This is article 61 in the Big Data series, deeply analyzing Kafka Topic, Partition, and Consumer mechanisms, with focus on rebalance optimization strategies.
Topic
Topic is the logical classification unit for messages in Kafka. Producers publish messages to specific Topics, Consumers subscribe to Topics. Key parameters when creating Topic:
- replication-factor: Replica count, determines data redundancy, recommended 3 in production
- retention.ms: Message retention duration, default 7 days (604800000ms)
- cleanup.policy: Cleanup strategy,
delete(time/size based) orcompact(log compaction, keeps latest value)
Partition
Partition is the basic unit of Kafka physical storage, and the key to horizontal scaling and high throughput:
- Each Topic’s data is distributed across multiple Partitions, partitions are independent of each other
- Partitions are spread across different Brokers, achieving load balancing
- Partition count recommended as integer multiple of Broker count, fully utilizing cluster resources
- Consumer parallelism limited by partition count, each partition in same Consumer Group can only be processed by one Consumer
Consumer Group
Consumer Group is the core design for different consumption patterns in Kafka:
- Unicast mode: Same message processed by only one Consumer in a group, suitable for task distribution
- Broadcast mode: Multiple groups subscribe to same Topic, each group receives complete messages, suitable for event notification
- When Consumer count exceeds partition count, excess Consumers are idle
Consumer
Kafka Consumer uses PULL model to actively pull messages from Broker rather than Broker pushing. The advantage is Consumers can control pull rate based on their processing capacity, avoiding being overwhelmed.
Custom Deserialization
Messages stored in Broker are byte arrays, Consumers must deserialize to process. Implement Deserializer<T> interface for customization:
public class UserDeserializer implements Deserializer<User> {
@Override
public User deserialize(String topic, byte[] data) {
ByteBuffer buffer = ByteBuffer.wrap(data);
int userId = buffer.getInt();
int usernameLen = buffer.getInt();
byte[] usernameBytes = new byte[usernameLen];
buffer.get(usernameBytes);
String username = new String(usernameBytes, StandardCharsets.UTF_8);
int age = buffer.getInt();
User user = new User();
user.setUserId(userId);
user.setUsername(username);
user.setAge(age);
return user;
}
}
Use by specifying in Consumer config:
props.put(ConsumerConfig.VALUE_DESERIALIZER_CLASS_CONFIG, UserDeserializer.class.getName());
Consumer Interceptor
Interceptors provide pluggable message interception capability, commonly used for logging, monitoring and message filtering:
public class ConsumerInterceptor01 implements ConsumerInterceptor<String, String> {
@Override
public ConsumerRecords<String, String> onConsume(ConsumerRecords<String, String> records) {
System.out.println("=== Interceptor onConsume, message count: " + records.count() + " ===");
// Can filter or modify messages
return records;
}
@Override
public void onCommit(Map<TopicPartition, OffsetAndMetadata> offsets) {
System.out.println("=== Offset committed successfully ===");
}
}
Offset Management
Offset records Consumer’s consumption position in each partition, key to ensuring no message loss or duplication:
| Commit Method | Configuration | Characteristics |
|---|---|---|
| Auto commit | enable.auto.commit=true | Simple, but may lose messages or duplicate |
| Manual sync commit | commitSync() | Reliable, blocks until commit succeeds |
| Manual async commit | commitAsync() | Non-blocking, good performance, need handle failure callback |
Production scenarios recommend manual commit, commit offset after business processing completes, ensuring at-least-once semantics.
Rebalance Optimization
Triggers
Three situations trigger rebalance, causing consumption pause:
- Consumer group membership changes (new Consumer joins or existing leaves/crashes)
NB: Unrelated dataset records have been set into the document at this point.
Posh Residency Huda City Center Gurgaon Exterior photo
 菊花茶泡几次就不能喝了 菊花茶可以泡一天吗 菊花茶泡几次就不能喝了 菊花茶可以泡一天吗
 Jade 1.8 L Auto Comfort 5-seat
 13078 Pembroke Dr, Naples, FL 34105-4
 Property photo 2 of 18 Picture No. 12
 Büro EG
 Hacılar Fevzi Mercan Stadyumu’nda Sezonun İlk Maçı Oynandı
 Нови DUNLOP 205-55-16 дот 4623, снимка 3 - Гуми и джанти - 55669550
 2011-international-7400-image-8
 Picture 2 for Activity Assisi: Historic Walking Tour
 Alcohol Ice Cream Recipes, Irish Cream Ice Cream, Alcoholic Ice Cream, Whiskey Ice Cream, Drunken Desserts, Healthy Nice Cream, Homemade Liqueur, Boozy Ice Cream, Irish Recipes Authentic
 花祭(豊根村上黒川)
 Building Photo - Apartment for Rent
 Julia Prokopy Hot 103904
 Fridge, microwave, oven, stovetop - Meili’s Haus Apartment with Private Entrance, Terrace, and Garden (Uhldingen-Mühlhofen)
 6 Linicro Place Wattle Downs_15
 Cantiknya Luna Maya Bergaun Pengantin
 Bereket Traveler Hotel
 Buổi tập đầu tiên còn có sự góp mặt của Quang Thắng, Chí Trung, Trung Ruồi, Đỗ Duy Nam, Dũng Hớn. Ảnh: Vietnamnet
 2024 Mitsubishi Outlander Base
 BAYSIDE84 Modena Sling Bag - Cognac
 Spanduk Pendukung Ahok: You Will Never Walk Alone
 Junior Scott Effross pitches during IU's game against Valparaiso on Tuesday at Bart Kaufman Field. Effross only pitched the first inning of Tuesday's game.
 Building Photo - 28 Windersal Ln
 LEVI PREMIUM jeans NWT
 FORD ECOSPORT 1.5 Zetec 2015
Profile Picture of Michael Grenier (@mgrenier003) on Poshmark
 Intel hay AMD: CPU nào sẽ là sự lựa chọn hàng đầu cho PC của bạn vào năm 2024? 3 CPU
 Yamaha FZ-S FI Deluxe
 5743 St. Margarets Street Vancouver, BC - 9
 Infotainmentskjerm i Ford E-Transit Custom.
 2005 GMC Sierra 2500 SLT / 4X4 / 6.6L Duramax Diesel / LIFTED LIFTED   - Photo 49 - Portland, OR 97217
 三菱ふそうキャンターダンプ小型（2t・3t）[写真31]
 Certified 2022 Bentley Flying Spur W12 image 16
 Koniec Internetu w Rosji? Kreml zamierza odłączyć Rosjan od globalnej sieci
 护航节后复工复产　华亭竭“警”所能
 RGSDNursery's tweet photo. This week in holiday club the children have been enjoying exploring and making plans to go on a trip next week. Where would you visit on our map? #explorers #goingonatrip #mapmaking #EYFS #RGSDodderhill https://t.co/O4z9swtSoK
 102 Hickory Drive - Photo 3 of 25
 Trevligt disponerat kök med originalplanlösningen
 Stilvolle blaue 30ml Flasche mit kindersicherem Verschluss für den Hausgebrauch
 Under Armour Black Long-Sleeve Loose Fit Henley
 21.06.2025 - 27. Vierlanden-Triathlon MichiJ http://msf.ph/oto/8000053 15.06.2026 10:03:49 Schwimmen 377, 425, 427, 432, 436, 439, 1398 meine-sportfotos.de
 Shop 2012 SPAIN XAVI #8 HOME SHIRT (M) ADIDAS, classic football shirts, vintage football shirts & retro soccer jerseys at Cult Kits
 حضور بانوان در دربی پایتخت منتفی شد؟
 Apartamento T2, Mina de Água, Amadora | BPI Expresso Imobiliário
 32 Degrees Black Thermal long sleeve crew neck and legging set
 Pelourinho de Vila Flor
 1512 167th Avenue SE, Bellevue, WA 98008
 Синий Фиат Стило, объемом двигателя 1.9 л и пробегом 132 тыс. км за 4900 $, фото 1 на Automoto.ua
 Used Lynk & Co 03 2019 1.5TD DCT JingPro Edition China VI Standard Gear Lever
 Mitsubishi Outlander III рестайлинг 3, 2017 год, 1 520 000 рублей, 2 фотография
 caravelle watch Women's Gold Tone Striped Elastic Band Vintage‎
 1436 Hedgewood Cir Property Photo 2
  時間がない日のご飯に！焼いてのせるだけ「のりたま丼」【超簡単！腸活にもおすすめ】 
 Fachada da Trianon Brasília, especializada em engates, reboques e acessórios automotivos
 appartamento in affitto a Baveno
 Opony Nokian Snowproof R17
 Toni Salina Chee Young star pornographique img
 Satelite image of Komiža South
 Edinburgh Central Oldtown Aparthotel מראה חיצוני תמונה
- Topic partition count changes
- Consumer subscribed Topics change
All Consumers stop consumption during rebalance, particularly noticeable in large-scale clusters.
Key Configuration Parameters
| Parameter | Default | Purpose |
|---|---|---|
session.timeout.ms | 10000ms | Broker determines Consumer offline timeout window |
heartbeat.interval.ms | 3000ms | Frequency Consumer sends heartbeat to Broker |
max.poll.interval.ms | 300000ms | Max interval allowed between poll() calls |
Best practices:
session.timeout.ms >= 3 × heartbeat.interval.ms
- For scenarios with long business processing time, appropriately increase
max.poll.interval.ms - Avoid time-consuming synchronous IO operations in poll loop
- Can control messages pulled per call via
max.poll.records, reducing single processing time
Static Membership
Kafka 2.3+ introduces group.instance.id. After configuration, Consumers join Consumer Group as static members. Static members don’t immediately trigger rebalance on restart, only reassigned after session.timeout.ms timeout, suitable for stateful Consumer scenarios (e.g., stream processing).